Iconic options 50% interest of Bonnie Claire to Nevada

2020-12-15 10:40 ET - News Release

Mr. Richard Barnett reports

ICONIC ANNOUNCES OPTION AGREEMENT WITH NEVADA LITHIUM FOR BONNIE CLAIRE PROPERTY AND ANNOUNCES $1 MILLION NON-BROKERED PRIVATE PLACEMENT

Iconic Minerals Ltd., subject to TSX Venture Exchange acceptance, has entered into an option agreement with Nevada Lithium Corp., whereby Iconic, through its wholly owned subsidiary, Bonaventure Nevada Inc. granted Nevada Lithium the option to earn up to a 50-per-cent interest in the Bonnie Claire lithium property located in Nye county, Nevada.

Richard Kern, the company's chief executive officer, commented, "We are very excited to be working with Nevada Lithium to develop the Bonnie Claire property and advance it to the production stage."

Option terms

Pursuant to the option agreement, Nevada Lithium may exercise the option in three stages by financing $5.6-million (U.S.) in cumulative exploration expenditures on the Bonnie Claire property, as set out in the table included.

                 OPTION FINANCING SCHEDULE FOR BONNIE CLAIRE PROPERTY

Option phase                Exercise date   Exploration expenditures (U.S.)   Interest acquired

Phase I        On or before March 8, 2021                       $1,600,000                  20%       
Phase II        On or before June 1, 2021                       $2,000,000                  20%       
Phase III       On or before Oct. 1, 2021                       $2,000,000                  10%       
Total                                                           $5,600,000                  50%       

Upon the exercise of the option in full, the company and Nevada Lithium will form a joint venture for the development of the Bonnie Claire property, with the initial joint venture interests of the parties being 50 per cent as to the company and 50 per cent as to Nevada Lithium. The company and Nevada Lithium will each finance approved joint venture work programs in proportion to their joint venture ownership percentage; provided that if a party contributes less than its proportionate interest to a work program, that party's interest in the joint venture will be reduced. If a party's interest is reduced to 10 per cent or less, such party's ownership interest will automatically convert to a 0.5-per-cent-net-smelter-returns royalty if the phase II exploration expenditures have not been financed or a 1-per-cent-NSR royalty if the phase II exploration expenditures have been financed.

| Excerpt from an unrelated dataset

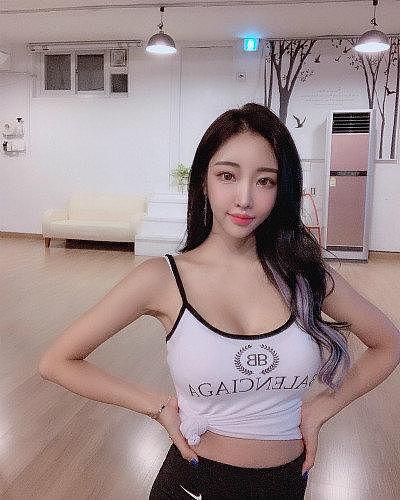 韩国欧尼颜高身材棒，用健身的方式练出，亚洲女孩都想要的身材 - 1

The non-diluting party may repurchase at any time (i) the 0.5-per-cent-NSR royalty for $1-million (U.S.); or (ii) the 1-per-cent-NSR royalty for $2-million (U.S.), payable in cash.

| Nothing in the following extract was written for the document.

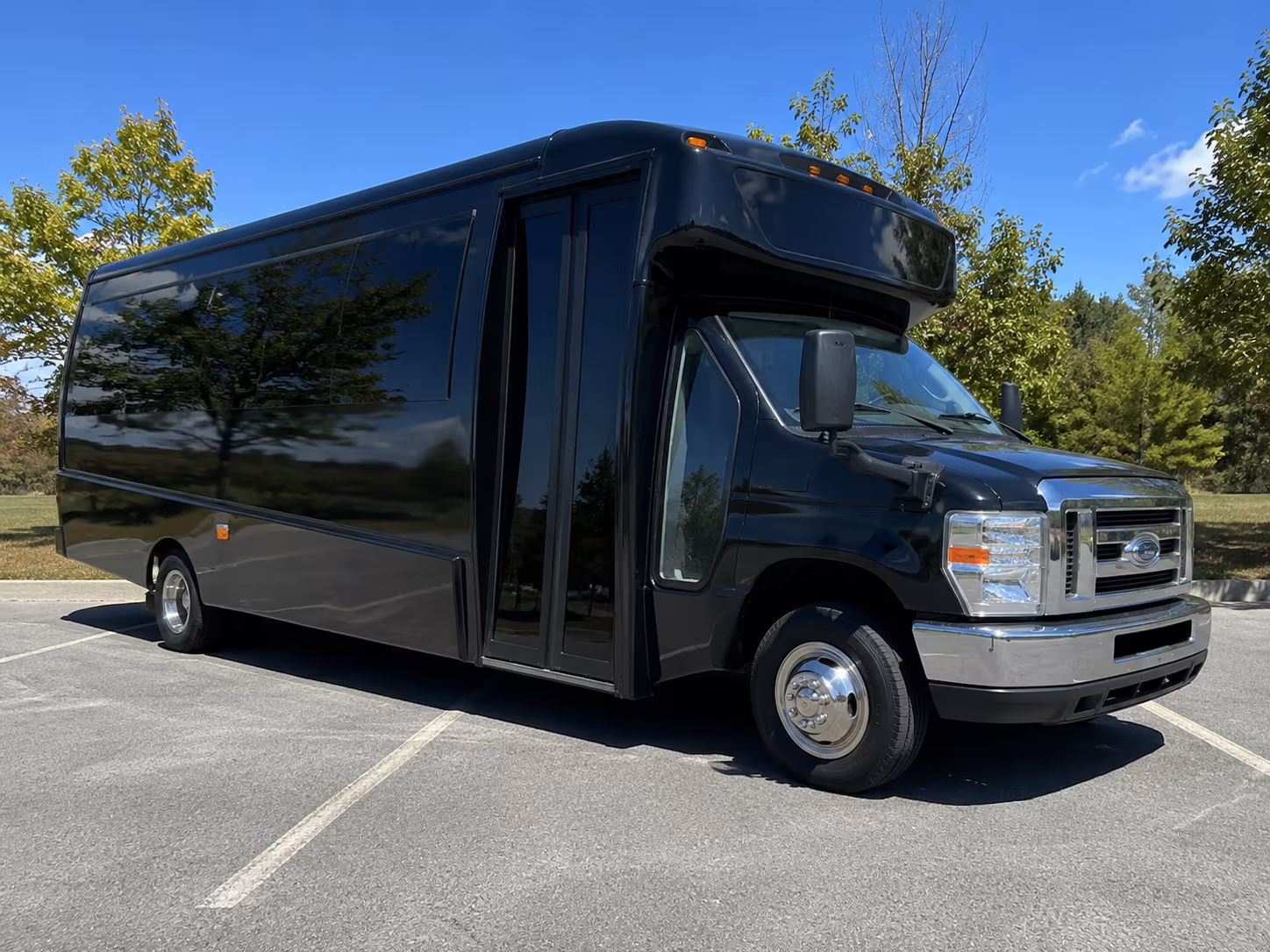 shuttle buses for wedding guests between southfield hotels and your venue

If Nevada Lithium fails to finance the phase I exploration expenditures before the applicable exercise date, the option agreement will terminate and Nevada Lithium will not acquire any interest in the Bonnie Claire property. If Nevada Lithium fails to finance the phase II or phase III expenditures before the applicable exercise dates, Nevada Lithium will retain any interest in the Bonnie Claire property already acquired pursuant to the option agreement and the each of the parties will each finance approved work programs in proportion to their ownership interest in the Bonnie Claire property; provided that if a party contributes less than its proportionate interest to a work program, that party's interest in the Bonnie Claire property will become subject to dilution and conversion into an NSR royalty, as set out above.

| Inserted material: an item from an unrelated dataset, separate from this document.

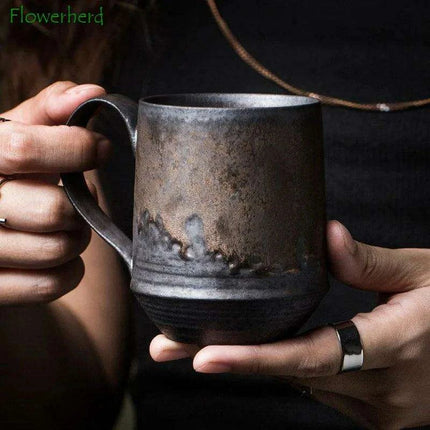 Nordic Charm Ceramic Coffee Mug with Hanging Ear and Gilt Couple Design - Très Elite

Subject to the terms of the option agreement, prior to the formation of the joint venture, Bonaventure will be the operator of the Bonnie Claire property.

Bonnie Claire property

The Bonnie Claire property is located within Sarcobatus Valley, which is approximately 30 kilometres (19 miles) long and 20 km (12 miles) wide. Quartz-rich volcanic tuffs containing anomalous amounts of lithium occur within and adjacent to the valley. Drill results from the salt flat have included lithium values as high as 2,550 parts per million Li and a 1,560-foot (roughly 475-metre) vertical intercept that averaged 1,153 ppm Li. The current 43-101 report on the project notes that, with a cut-off grade of 600 ppm Li and average grade of 1,027 ppm Li, one square mile contains an inferred resource of 5.025 billion kilograms Li (though this is a resource, not a reserve, and has not yet proven economic viability). The gravity low within the valley is 20 km (12 miles) long, and the current estimates of depth to basement rocks range from 600 to 1,200 m (2,000 to 4,000 feet). The current claim block covers an area of 74 square kilometres (28.6 mi2) with potential for brine systems and further sediment resources.

Private placement

The company also announces a non-brokered private placement to raise aggregate gross proceeds of up to $1-million through the sale of up to 10 million units at a price of 10 cents per unit. Each unit will consist of one common share in the capital of the company and one-half of one transferable common share purchase warrant, with each warrant entitling the holder thereof to purchase one share at an exercise price of 15 cents per share for a period of 12 months from the closing of the offering.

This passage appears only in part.